To demonstrate the effectiveness of our vaccine in targeting multiple cancer types, an experiment was performed using the melanoma cell line B16F0, syngeneic to the C57BL/6 mouse strain. C57BL/6iPSCs were generated (FIG. S2B, D) and 40 mice were again divided into PBS, CpG, iPSC and C+I groups and treated weekly for four weeks. Following this, 5×104 B16F0 cells were subcutaneously injected in the lower back. Tumor growth assessment by caliper measurement showed significantly lower tumor progression by week 2 in the C+I group (FIG. 2C, D; FIG. S3E, F). Due to large tumor sizes in the control groups, the mice were sacrificed two weeks after tumor injection. Afterwards, the immune cell profiles in blood, dLNs, and spleens were analyzed using flow cytometry. Cytometric analysis in the C+I group showed a significant decrease in regulatory T-cells (T-regs) in blood and an increase in effector/memory helper T-cells in the dLNs at two weeks post tumor injections in C57BL/6 mice (FIG. 3A, B), as well as increased percentages of mature antigen presenting cells (APCs) (FIG. 3C).

At a later stage of tumor rejection (4 weeks), FVB mice in the C+I vaccinated group had significant increases in the effector/memory cytotoxic T-cells in the spleen in addition to their increased frequency in the dLNs (FIG. 3D, F). The tumor-specificity of these cytotoxic T-cells was further confirmed by increased secretion of IFN-γ by splenocytes isolated from C+I vaccinated mice in response to DB7 tumor lysate (FIG. 4A, B, FIG. S4A, B). As with the C57BL/6 mice, upregulation of mature APCs and helper T-cells was also seen in the dLNs of FVB mice (FIG. S4C-F).

Both the C57BL/6 and the FVB mouse strains remained healthy throughout the study and showed no signs of autoimmune responses due to the vaccine (FIG. S7).

The effectiveness of the C+I vaccine was assessed in the more clinically relevant orthotopic model of breast cancer. Significant tumor size differences were seen as early as one week after orthotopic transfer of cancer cells in C+I vaccinated mice compared to vehicle control, followed by further tumor reduction over the course of three weeks (FIG. 4C, E). Using an additional group of orthotopic breast cancer mice, in vivo tumor specificity was tested by adoptively transferring splenocytes from C+I vaccinated or vehicle vaccinated mice into these tumor-bearing mice (FIG. 4D). This resulted in a significant reduction of tumor sizes in the C+I vaccinated group compared to the vehicle vaccinated group (FIG. 4F).

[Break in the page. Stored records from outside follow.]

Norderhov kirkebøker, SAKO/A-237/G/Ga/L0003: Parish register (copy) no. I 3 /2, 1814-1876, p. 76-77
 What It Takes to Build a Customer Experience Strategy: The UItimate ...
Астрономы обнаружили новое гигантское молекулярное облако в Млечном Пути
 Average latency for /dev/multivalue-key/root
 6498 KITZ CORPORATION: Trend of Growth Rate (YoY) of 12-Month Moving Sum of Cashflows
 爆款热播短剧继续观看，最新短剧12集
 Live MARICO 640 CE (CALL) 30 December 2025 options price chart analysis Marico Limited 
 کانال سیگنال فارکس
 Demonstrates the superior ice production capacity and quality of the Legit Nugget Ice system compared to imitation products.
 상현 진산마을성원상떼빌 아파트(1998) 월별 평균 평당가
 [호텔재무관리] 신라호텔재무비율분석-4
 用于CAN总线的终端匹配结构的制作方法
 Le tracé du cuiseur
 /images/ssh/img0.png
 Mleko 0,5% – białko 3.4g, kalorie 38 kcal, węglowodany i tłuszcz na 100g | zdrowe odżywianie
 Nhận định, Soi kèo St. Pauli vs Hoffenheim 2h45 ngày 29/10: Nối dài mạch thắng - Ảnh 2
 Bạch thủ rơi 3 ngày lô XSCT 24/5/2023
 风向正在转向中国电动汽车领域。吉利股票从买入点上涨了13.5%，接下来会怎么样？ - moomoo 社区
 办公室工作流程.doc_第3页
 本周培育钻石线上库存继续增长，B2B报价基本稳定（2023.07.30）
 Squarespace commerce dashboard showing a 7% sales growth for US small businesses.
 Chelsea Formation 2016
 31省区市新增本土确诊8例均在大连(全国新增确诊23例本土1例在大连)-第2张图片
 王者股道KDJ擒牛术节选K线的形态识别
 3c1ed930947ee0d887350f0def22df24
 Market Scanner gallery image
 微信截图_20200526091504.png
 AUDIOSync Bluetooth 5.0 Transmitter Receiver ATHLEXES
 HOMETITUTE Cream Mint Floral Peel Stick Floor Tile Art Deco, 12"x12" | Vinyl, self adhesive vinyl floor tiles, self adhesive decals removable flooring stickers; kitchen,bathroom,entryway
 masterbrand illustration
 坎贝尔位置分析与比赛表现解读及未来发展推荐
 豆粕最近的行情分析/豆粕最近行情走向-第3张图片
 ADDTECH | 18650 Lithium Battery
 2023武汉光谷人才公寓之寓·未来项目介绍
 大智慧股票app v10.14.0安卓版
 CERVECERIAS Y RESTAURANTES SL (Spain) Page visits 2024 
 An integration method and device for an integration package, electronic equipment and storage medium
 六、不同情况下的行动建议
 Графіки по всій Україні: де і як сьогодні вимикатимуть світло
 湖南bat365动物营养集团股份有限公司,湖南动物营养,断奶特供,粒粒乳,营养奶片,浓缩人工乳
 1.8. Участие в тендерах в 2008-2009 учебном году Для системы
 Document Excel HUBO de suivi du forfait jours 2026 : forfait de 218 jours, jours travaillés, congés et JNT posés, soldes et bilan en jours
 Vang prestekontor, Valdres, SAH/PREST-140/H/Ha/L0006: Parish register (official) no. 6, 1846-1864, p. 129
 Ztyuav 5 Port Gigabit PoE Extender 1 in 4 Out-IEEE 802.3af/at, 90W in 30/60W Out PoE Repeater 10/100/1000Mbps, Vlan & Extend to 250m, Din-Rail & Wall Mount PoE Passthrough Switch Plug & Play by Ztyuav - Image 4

As a model for prophylactic treatment, we selected the mesothelioma cell line AC29, syngeneic to CBA/J mice. CBA/J iPSCs were created (FIG. S2C, D) and mice were vaccinated weekly for four weeks with PBS (P), CpG and iPSCs (C+I), or CpG with irradiated AC29 cancer cells (C+A) as a positive control. Afterwards, 2×106 AC29 cells (A) or 2×106 iPSCs (I) were injected subcutaneously, and after one week the TILs were analyzed for their immune profile and TCR sequences Immune profiling was performed with cytometry by time of flight (CyTOF) analysis using a phenotype and intracellular staining kit, which revealed increased presence of effector/memory CD4+ (24.0%) and CD8+ T-cells (22.4%), with a reduction in T-regs in the C+I/A group (1.9%) compared to P/A control (21.1%, 14.2% and 3.0%, respectively) (FIG. 5A). Using Citrus (cluster identification, characterization and regression) analysis, B-cells and T-cells expressing IL-2, IL-4, and IL-5 were found to be predictive for tumor regression in C+I vaccinated mice compared to the PBS control group (FIG. 5B; FIG. S5A-B, D). Systemic cytokine levels were significantly lower in the vaccinated group and were found to correlate with the positive control mice of tumor rejection (C+I1iPSC; C+A/AC29) (FIG. 6A; FIG. S6A-B).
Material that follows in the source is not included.